After a while, Vivian sat back, stretched and glanced over at Nick. “So, how’s the chicken coming along?”

He shrugged. “Since I’m making it for two after buying ingredients for one, I added some fresh linguini I made yesterday.” He scooped a ladleful of starchy pasta water out of the pot, then stirred it into the artichoke sauce, which began to thicken, velvety and rich.

“You make your own pasta? I can barely boil water.”

He picked up the pasta pot and crossed to the sink to drain it, then set the cooked pasta aside. “It’s not that hard. It’s almost…therapeutic to make pasta and bread. All that kneading is very zen.”

Now it was her turn to laugh. “If there’s one thing I could use, it’s a little zen.”

She did seem very uptight, as if she was held together with steel wires. That had been him, two months ago, when he was working with Carson and hating his job. “Growing up as the child of two lawyers, I know that lawyering is stressful. My parents operated on short fuses, still do. My brother Grady runs his own company, and my other brother and I used to provide tech support. None of us went into the family business, so my dad thinks we’re all failures, except Grady because he has a lot of zeros in his paycheck. I thought my job was stressful, but Grady’s was ten times worse. He was a working advertisement for avoiding that kind of thing.”

He hadn’t strung together that many words at one time in weeks. What was wrong with him? Pouring out his life story to a woman—a lawyer—who he barely knew? In his experience, nothing warm and fuzzy ever came out of a lawyer.

“And now you’re cooking?”

The lilt on the end of her voice made it sound like she thought he’d taken a step down the career ladder. And yes, he had in terms of salary and benefits, but his days were far less tense and most mornings, he rolled out of bed, his mind whirring with menus and ingredients and purpose instead of dread and tension. “It’s where I’m happy. I think.”

“You think?”

He used metal tongs to toss the pasta and sauce together. A quick taste, and then a dash of salt, and the meal was done. He grabbed two white plates out of the cabinet and set a fat twirl of pasta in the center, topped it with slices of chicken and a smattering of vegetables, then added sliced homemade bread on the side.

All to avoid answering that question of whether he was happy or not. The answer was complicated, and Nick didn’t feel like explaining anything complicated right now.

“Dinner is served.” He laid the plate before her with a little flourish, then handed her a rolled napkin with silverware tucked inside. “I can carry the baby upstairs, if you want to eat in your room again.”

A part of him hoped she’d say yes, and leave him to his kitchen and his solitude. And another crazy part hoped she stayed and ate with him.

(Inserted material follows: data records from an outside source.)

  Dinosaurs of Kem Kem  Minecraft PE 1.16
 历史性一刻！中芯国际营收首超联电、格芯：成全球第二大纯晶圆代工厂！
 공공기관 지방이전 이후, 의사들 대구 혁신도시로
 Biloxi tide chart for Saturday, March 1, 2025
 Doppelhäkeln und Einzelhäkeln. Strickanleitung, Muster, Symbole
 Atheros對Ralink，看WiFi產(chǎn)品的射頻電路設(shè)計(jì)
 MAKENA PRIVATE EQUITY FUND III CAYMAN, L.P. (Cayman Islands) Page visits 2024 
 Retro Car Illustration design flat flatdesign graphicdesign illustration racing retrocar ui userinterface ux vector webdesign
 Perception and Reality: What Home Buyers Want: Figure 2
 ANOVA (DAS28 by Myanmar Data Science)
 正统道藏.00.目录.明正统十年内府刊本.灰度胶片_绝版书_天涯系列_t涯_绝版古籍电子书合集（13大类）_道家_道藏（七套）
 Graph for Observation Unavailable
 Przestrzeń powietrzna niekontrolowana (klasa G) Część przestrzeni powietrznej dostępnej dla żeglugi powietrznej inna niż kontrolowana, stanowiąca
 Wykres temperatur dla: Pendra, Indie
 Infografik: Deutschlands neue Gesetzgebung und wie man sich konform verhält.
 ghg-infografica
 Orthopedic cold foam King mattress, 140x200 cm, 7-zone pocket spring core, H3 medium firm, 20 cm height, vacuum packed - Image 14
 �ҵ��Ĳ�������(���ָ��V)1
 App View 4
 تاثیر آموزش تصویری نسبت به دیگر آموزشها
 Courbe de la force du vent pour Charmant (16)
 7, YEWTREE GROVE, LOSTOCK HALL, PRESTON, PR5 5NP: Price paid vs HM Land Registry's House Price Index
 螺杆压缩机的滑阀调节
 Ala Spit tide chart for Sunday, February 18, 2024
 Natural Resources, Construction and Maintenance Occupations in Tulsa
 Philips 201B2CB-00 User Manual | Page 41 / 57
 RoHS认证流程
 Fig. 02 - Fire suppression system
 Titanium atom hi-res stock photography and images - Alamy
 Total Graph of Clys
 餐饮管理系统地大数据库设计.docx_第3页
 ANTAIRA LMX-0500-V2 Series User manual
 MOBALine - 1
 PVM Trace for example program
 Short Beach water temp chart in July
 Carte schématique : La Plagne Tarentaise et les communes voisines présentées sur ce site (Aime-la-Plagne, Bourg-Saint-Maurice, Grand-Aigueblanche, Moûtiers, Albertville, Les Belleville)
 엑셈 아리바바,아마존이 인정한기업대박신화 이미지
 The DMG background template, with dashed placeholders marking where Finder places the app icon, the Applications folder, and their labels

“Oh, well, I wasn’t planning to eat in my room. I know I did before, but that was so I could visit with my sister, which really meant working a lot while she napped.” Vivian frowned, then the placid face was back, erasing any emotion. “If it’s okay, I’d like to stay here. I could use some company. I so rarely have any while I eat, and it’s been a hell of a day.”

Nick didn’t eat with the guests. He’d grown to prefer his meals alone, or occasionally taken with Della or Mavis. He’d flick on the television in his room and let some mindless sitcom or movie he’d seen a hundred times fill the silence. That way he could mope and stew, and not have to answer any questions about why he was or wasn’t happy. Or dwell on why he was still avoiding his grandmother’s last request.